Dal Myanmar al Bangladesh
La vita nei 33 campi profughi che li accolgono è garantita dai contributi internazionali. Di enti come il WFP, il governo bangladese, la “Ngo platform of Cox’s Bazar”, composta da 148 associazioni. Ma nelle condizioni di sfollamento, sono poche le opportunità di sostentamento e l’istruzione non va oltre la scuola elementare. L’assistenza sanitaria è di difficile accesso, soprattutto per le donne. “La violenza di genere e i matrimoni precoci sono così comuni che sono stati perfino normalizzati”, nota la Ong bangladese Rangpur Dinajpur Rural Service.
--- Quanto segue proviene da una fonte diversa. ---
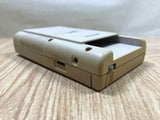 GameBoy Original DMG-01 Console Nintendo Japan - Not Working LH2475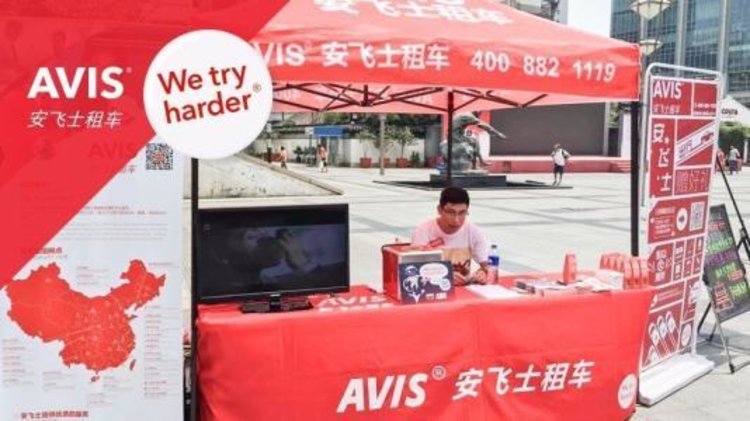 租车平台哪个最好又便宜,租车跑滴滴哪个平台租车便宜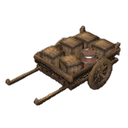 Azumatt-HaulersHelper-1.0.0 icon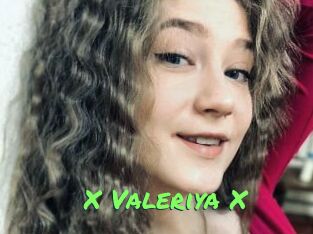 X_Valeriya_X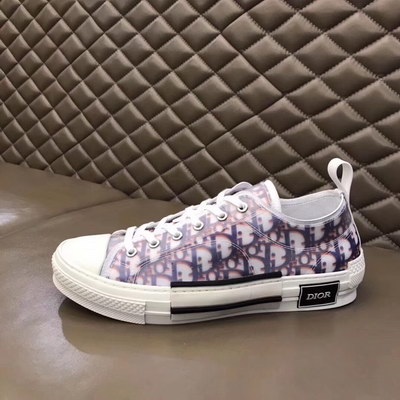 Dior Shoes AAA(Women)-046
RDRS dal 2019 accompagna i rifugiati Rohingya. Affrontando questioni come la generazione di un reddito, l’attenzione alla vita delle donne, ai giovani e alle persone con disabilità. La priorità è “salute e istruzione per tutti” afferma la Ong, che opera anche in risposta ai disastri. Nel 2021, infatti, è scoppiato un incendio in uno dei campi. E si è diffuso rapidamente attraverso i rifugi di bambù e teloni. Più di recente i rifugiati Rohingya hanno affrontato il devastante impatto del ciclone Mocha, che ha colpito gravemente tutti e 33 i campi profughi di Cox’s Bazar e i villaggi circostanti. Lasciando migliaia di persone in disperato stato di necessità.
Rohingya
I Rohingya – la cui situazione rappresenta una delle crisi dei rifugiati più imponenti a livello planetario, oggetto di diversi appelli di Papa Francesco – temono di essere dimenticati. I Rohingya vogliono tornare alle loro case in Myanmar in condizioni di sicurezza e con dignità, ma attualmente il governo del Myanmar non intende accoglierli tanto più perché, dopo il colpo di Stato militare del 1° febbraio 2021 e la guerra civile in corso nel paese, risulta impossibile ogni ipotesi di rientro in patria. Per questo migliaia di profughi sono già fuggiti in Malaysia e Indonesia, pagando i contrabbandieri. L’emergenza continua, avverte l’UNHCR, notando che i rifugiati sono esausti, affamati e malati, bisognosi di protezione internazionale e assistenza umanitaria.